Entries taken from a collection
+ + + + + + +
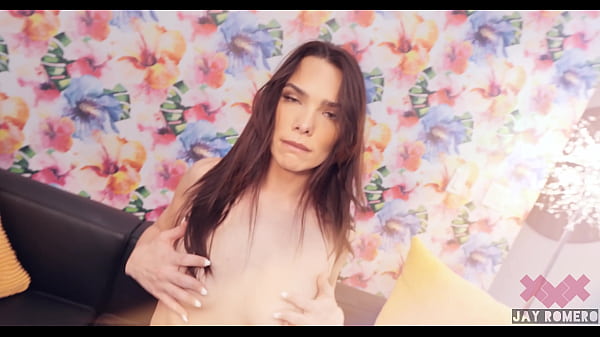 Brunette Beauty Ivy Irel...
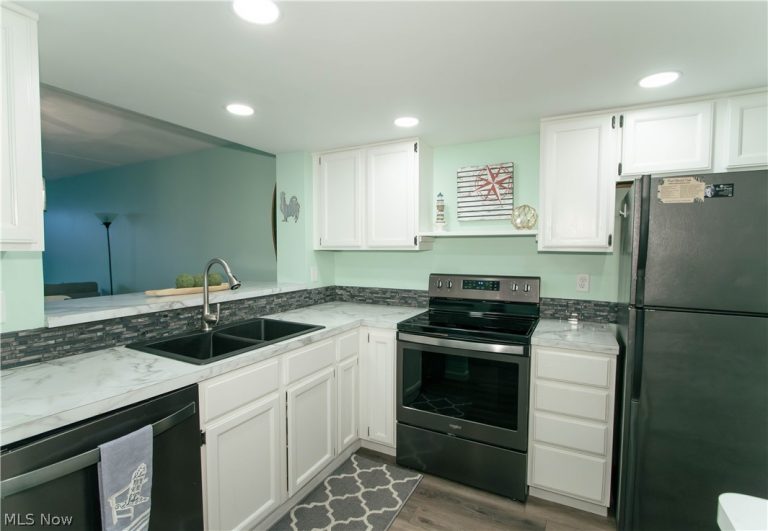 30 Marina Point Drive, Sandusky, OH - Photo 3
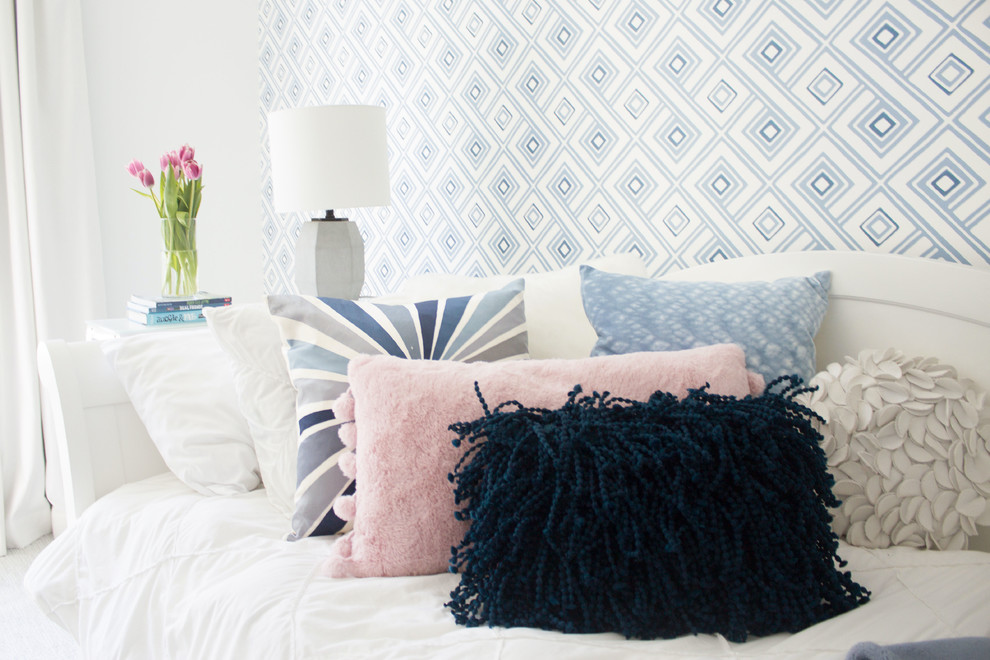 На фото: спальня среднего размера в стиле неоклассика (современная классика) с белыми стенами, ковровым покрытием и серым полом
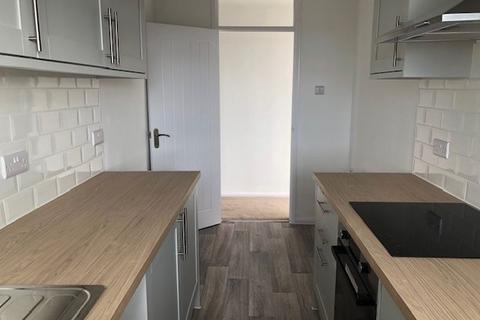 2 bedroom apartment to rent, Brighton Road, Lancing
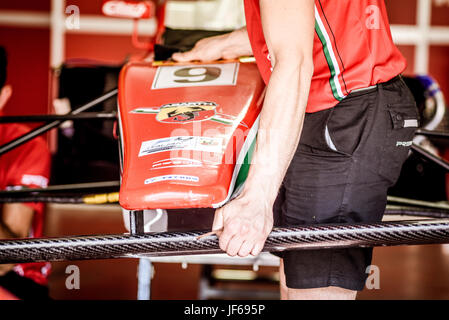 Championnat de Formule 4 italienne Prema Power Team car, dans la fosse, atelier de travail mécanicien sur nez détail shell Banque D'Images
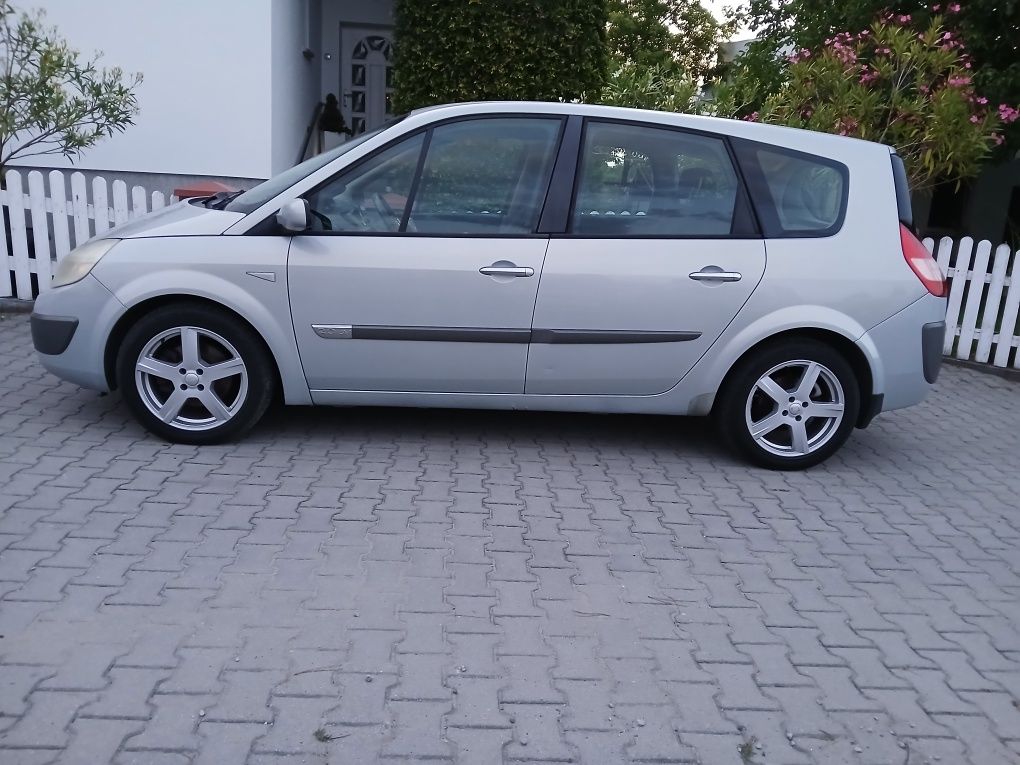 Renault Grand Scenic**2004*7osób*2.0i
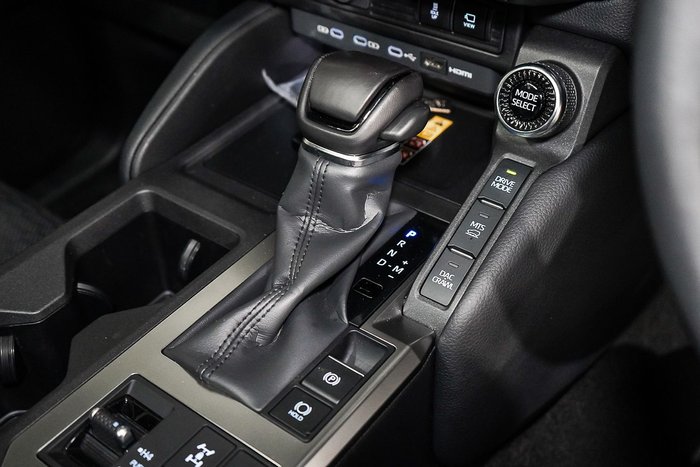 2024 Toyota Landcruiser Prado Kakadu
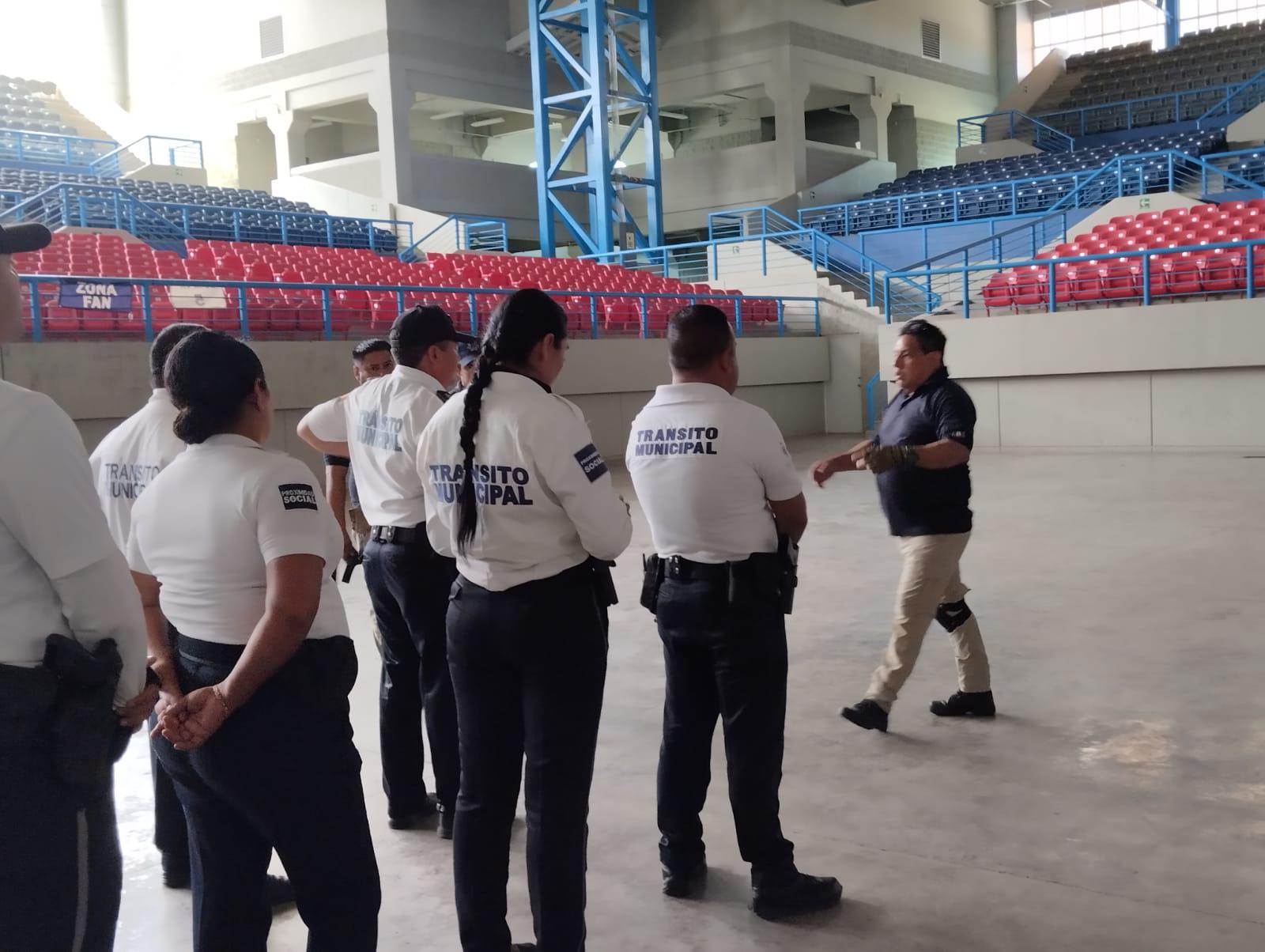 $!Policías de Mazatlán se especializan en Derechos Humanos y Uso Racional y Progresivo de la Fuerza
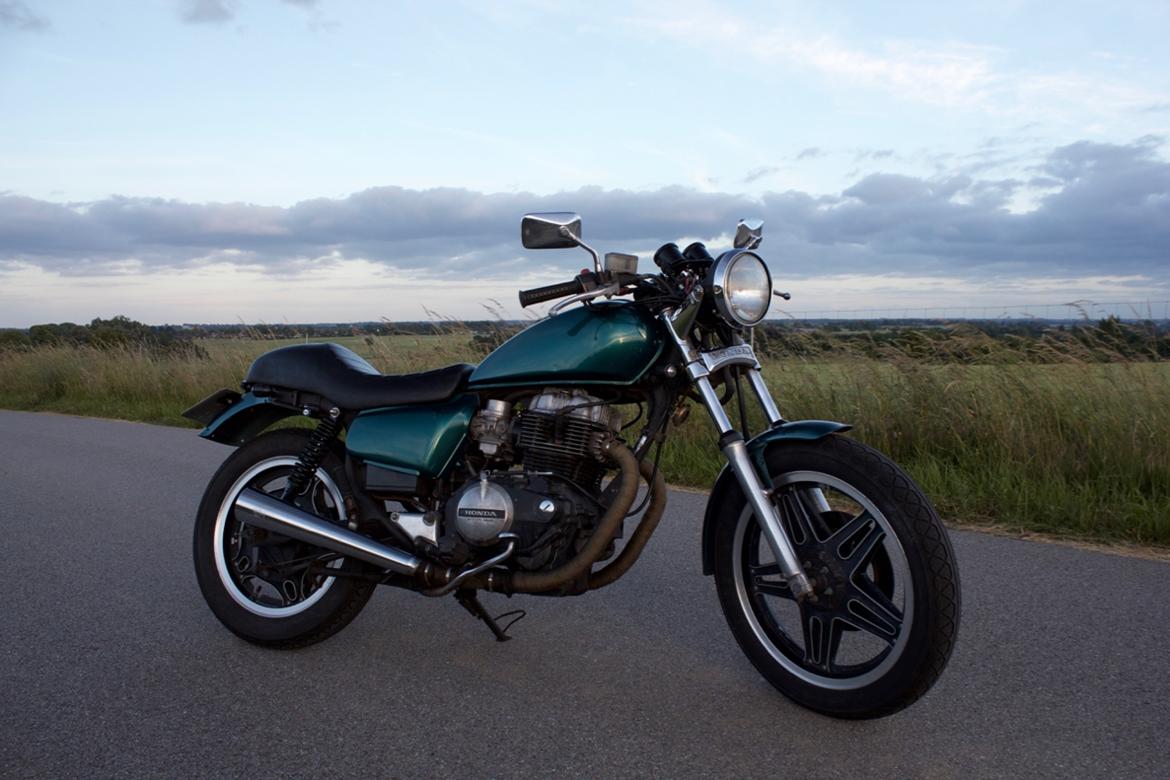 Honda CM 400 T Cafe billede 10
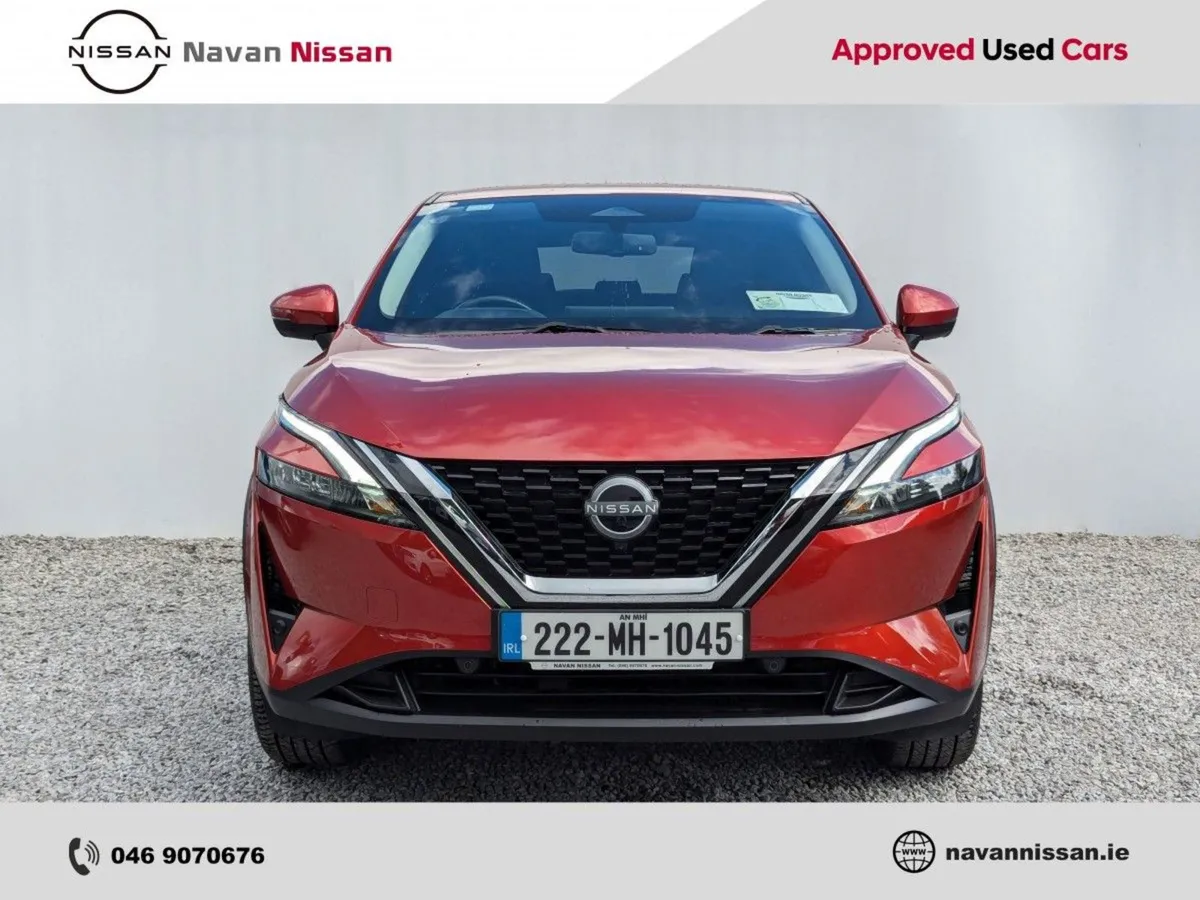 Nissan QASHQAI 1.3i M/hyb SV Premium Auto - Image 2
+ + + + + + +
- _TASK INSTRUCTIONS_: The answer must reproduce every line of the records above exactly, with all pictures left out.

- _EXERCISE ANSWER_:
 Brunette Beauty Ivy Irel...
 30 Marina Point Drive, Sandusky, OH - Photo 3
 На фото: спальня среднего размера в стиле неоклассика (современная классика) с белыми стенами, ковровым покрытием и серым полом
 2 bedroom apartment to rent, Brighton Road, Lancing
 Championnat de Formule 4 italienne Prema Power Team car, dans la fosse, atelier de travail mécanicien sur nez détail shell Banque D'Images
 Renault Grand Scenic**2004*7osób*2.0i
 2024 Toyota Landcruiser Prado Kakadu
 $!Policías de Mazatlán se especializan en Derechos Humanos y Uso Racional y Progresivo de la Fuerza
 Honda CM 400 T Cafe billede 10
 Nissan QASHQAI 1.3i M/hyb SV Premium Auto - Image 2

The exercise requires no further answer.